◆ **DATA SHOWN**:
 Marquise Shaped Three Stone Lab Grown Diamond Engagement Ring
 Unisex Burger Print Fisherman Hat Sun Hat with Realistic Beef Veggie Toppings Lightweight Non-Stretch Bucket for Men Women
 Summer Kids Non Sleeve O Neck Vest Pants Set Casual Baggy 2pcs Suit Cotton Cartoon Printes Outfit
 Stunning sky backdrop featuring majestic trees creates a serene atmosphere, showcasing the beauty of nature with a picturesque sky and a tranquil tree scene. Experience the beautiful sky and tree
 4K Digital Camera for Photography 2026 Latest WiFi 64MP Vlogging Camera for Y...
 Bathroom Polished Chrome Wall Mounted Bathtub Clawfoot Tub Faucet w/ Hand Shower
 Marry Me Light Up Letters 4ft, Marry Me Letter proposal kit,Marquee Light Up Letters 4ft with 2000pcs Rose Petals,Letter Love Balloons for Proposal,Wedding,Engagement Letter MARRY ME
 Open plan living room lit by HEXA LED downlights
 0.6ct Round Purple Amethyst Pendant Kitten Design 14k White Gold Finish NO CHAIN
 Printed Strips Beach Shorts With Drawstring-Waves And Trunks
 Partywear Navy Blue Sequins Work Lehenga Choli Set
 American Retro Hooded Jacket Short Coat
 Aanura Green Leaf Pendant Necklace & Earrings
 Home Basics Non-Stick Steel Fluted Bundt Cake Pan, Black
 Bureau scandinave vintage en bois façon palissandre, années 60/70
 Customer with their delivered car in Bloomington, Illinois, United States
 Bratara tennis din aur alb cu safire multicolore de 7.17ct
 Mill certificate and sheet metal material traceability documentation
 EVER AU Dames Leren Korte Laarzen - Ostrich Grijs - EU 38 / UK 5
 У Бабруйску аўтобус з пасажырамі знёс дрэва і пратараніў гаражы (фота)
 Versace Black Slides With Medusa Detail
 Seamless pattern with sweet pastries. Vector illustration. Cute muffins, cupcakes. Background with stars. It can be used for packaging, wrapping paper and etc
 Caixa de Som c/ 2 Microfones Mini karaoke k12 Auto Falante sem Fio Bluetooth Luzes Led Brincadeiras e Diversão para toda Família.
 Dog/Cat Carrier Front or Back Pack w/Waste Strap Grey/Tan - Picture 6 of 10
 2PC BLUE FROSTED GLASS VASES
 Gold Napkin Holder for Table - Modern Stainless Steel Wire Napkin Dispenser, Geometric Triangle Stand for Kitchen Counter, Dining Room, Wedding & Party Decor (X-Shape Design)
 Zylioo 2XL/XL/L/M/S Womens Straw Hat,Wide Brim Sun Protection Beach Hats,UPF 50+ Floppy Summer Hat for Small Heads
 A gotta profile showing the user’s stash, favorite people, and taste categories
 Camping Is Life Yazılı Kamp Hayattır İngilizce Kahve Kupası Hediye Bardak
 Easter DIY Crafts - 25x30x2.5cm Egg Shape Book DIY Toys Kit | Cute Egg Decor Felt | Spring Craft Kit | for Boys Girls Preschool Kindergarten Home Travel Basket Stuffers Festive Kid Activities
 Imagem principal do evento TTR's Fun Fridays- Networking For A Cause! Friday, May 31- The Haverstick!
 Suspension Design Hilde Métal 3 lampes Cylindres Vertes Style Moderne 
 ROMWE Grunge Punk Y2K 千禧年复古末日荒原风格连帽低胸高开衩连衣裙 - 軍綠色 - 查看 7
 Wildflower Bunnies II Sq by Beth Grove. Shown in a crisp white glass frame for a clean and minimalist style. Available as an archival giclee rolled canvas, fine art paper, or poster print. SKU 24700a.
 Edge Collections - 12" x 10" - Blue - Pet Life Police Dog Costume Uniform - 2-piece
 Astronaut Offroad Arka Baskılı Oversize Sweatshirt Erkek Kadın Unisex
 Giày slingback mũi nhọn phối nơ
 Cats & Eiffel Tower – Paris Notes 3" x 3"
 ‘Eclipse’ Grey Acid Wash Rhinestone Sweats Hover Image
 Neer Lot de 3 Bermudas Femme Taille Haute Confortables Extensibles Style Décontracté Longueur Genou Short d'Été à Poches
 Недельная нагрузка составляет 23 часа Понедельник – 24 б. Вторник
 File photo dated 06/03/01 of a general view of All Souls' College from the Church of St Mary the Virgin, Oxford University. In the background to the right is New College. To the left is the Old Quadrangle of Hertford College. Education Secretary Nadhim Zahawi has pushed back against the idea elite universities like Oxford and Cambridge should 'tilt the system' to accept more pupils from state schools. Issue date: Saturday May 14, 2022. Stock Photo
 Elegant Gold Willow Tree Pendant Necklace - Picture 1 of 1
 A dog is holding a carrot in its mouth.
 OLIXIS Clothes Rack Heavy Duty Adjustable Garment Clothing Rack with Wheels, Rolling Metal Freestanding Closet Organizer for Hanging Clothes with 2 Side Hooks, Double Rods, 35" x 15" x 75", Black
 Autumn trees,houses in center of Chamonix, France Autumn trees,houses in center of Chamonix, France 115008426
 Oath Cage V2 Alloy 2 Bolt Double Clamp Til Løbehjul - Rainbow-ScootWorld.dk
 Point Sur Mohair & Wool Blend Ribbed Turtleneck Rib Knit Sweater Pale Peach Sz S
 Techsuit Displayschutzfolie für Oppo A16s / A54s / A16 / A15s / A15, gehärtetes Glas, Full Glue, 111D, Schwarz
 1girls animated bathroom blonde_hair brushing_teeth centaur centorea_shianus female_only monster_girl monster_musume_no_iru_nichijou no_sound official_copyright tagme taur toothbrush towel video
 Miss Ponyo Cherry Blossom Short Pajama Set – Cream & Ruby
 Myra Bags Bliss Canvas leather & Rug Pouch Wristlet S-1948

◆ **YOUR ASSIGNMENT**:
Emit the records above again, exactly, with no line skipped.

◆ **PROBLEM SOLUTION**:
 Marquise Shaped Three Stone Lab Grown Diamond Engagement Ring
 Unisex Burger Print Fisherman Hat Sun Hat with Realistic Beef Veggie Toppings Lightweight Non-Stretch Bucket for Men Women
 Summer Kids Non Sleeve O Neck Vest Pants Set Casual Baggy 2pcs Suit Cotton Cartoon Printes Outfit
 Stunning sky backdrop featuring majestic trees creates a serene atmosphere, showcasing the beauty of nature with a picturesque sky and a tranquil tree scene. Experience the beautiful sky and tree
 4K Digital Camera for Photography 2026 Latest WiFi 64MP Vlogging Camera for Y...
 Bathroom Polished Chrome Wall Mounted Bathtub Clawfoot Tub Faucet w/ Hand Shower
 Marry Me Light Up Letters 4ft, Marry Me Letter proposal kit,Marquee Light Up Letters 4ft with 2000pcs Rose Petals,Letter Love Balloons for Proposal,Wedding,Engagement Letter MARRY ME
 Open plan living room lit by HEXA LED downlights
 0.6ct Round Purple Amethyst Pendant Kitten Design 14k White Gold Finish NO CHAIN
 Printed Strips Beach Shorts With Drawstring-Waves And Trunks
 Partywear Navy Blue Sequins Work Lehenga Choli Set
 American Retro Hooded Jacket Short Coat
 Aanura Green Leaf Pendant Necklace & Earrings
 Home Basics Non-Stick Steel Fluted Bundt Cake Pan, Black
 Bureau scandinave vintage en bois façon palissandre, années 60/70
 Customer with their delivered car in Bloomington, Illinois, United States
 Bratara tennis din aur alb cu safire multicolore de 7.17ct
 Mill certificate and sheet metal material traceability documentation
 EVER AU Dames Leren Korte Laarzen - Ostrich Grijs - EU 38 / UK 5
 У Бабруйску аўтобус з пасажырамі знёс дрэва і пратараніў гаражы (фота)
 Versace Black Slides With Medusa Detail
 Seamless pattern with sweet pastries. Vector illustration. Cute muffins, cupcakes. Background with stars. It can be used for packaging, wrapping paper and etc
 Caixa de Som c/ 2 Microfones Mini karaoke k12 Auto Falante sem Fio Bluetooth Luzes Led Brincadeiras e Diversão para toda Família.
 Dog/Cat Carrier Front or Back Pack w/Waste Strap Grey/Tan - Picture 6 of 10
 2PC BLUE FROSTED GLASS VASES
 Gold Napkin Holder for Table - Modern Stainless Steel Wire Napkin Dispenser, Geometric Triangle Stand for Kitchen Counter, Dining Room, Wedding & Party Decor (X-Shape Design)
 Zylioo 2XL/XL/L/M/S Womens Straw Hat,Wide Brim Sun Protection Beach Hats,UPF 50+ Floppy Summer Hat for Small Heads
 A gotta profile showing the user’s stash, favorite people, and taste categories
 Camping Is Life Yazılı Kamp Hayattır İngilizce Kahve Kupası Hediye Bardak
 Easter DIY Crafts - 25x30x2.5cm Egg Shape Book DIY Toys Kit | Cute Egg Decor Felt | Spring Craft Kit | for Boys Girls Preschool Kindergarten Home Travel Basket Stuffers Festive Kid Activities
 Imagem principal do evento TTR's Fun Fridays- Networking For A Cause! Friday, May 31- The Haverstick!
 Suspension Design Hilde Métal 3 lampes Cylindres Vertes Style Moderne 
 ROMWE Grunge Punk Y2K 千禧年复古末日荒原风格连帽低胸高开衩连衣裙 - 軍綠色 - 查看 7
 Wildflower Bunnies II Sq by Beth Grove. Shown in a crisp white glass frame for a clean and minimalist style. Available as an archival giclee rolled canvas, fine art paper, or poster print. SKU 24700a.
 Edge Collections - 12" x 10" - Blue - Pet Life Police Dog Costume Uniform - 2-piece
 Astronaut Offroad Arka Baskılı Oversize Sweatshirt Erkek Kadın Unisex
 Giày slingback mũi nhọn phối nơ
 Cats & Eiffel Tower – Paris Notes 3" x 3"
 ‘Eclipse’ Grey Acid Wash Rhinestone Sweats Hover Image
 Neer Lot de 3 Bermudas Femme Taille Haute Confortables Extensibles Style Décontracté Longueur Genou Short d'Été à Poches
 Недельная нагрузка составляет 23 часа Понедельник – 24 б. Вторник
 File photo dated 06/03/01 of a general view of All Souls' College from the Church of St Mary the Virgin, Oxford University. In the background to the right is New College. To the left is the Old Quadrangle of Hertford College. Education Secretary Nadhim Zahawi has pushed back against the idea elite universities like Oxford and Cambridge should 'tilt the system' to accept more pupils from state schools. Issue date: Saturday May 14, 2022. Stock Photo
 Elegant Gold Willow Tree Pendant Necklace - Picture 1 of 1
 A dog is holding a carrot in its mouth.
 OLIXIS Clothes Rack Heavy Duty Adjustable Garment Clothing Rack with Wheels, Rolling Metal Freestanding Closet Organizer for Hanging Clothes with 2 Side Hooks, Double Rods, 35" x 15" x 75", Black
 Autumn trees,houses in center of Chamonix, France Autumn trees,houses in center of Chamonix, France 115008426
 Oath Cage V2 Alloy 2 Bolt Double Clamp Til Løbehjul - Rainbow-ScootWorld.dk
 Point Sur Mohair & Wool Blend Ribbed Turtleneck Rib Knit Sweater Pale Peach Sz S
 Techsuit Displayschutzfolie für Oppo A16s / A54s / A16 / A15s / A15, gehärtetes Glas, Full Glue, 111D, Schwarz
 1girls animated bathroom blonde_hair brushing_teeth centaur centorea_shianus female_only monster_girl monster_musume_no_iru_nichijou no_sound official_copyright tagme taur toothbrush towel video
 Miss Ponyo Cherry Blossom Short Pajama Set – Cream & Ruby
 Myra Bags Bliss Canvas leather & Rug Pouch Wristlet S-1948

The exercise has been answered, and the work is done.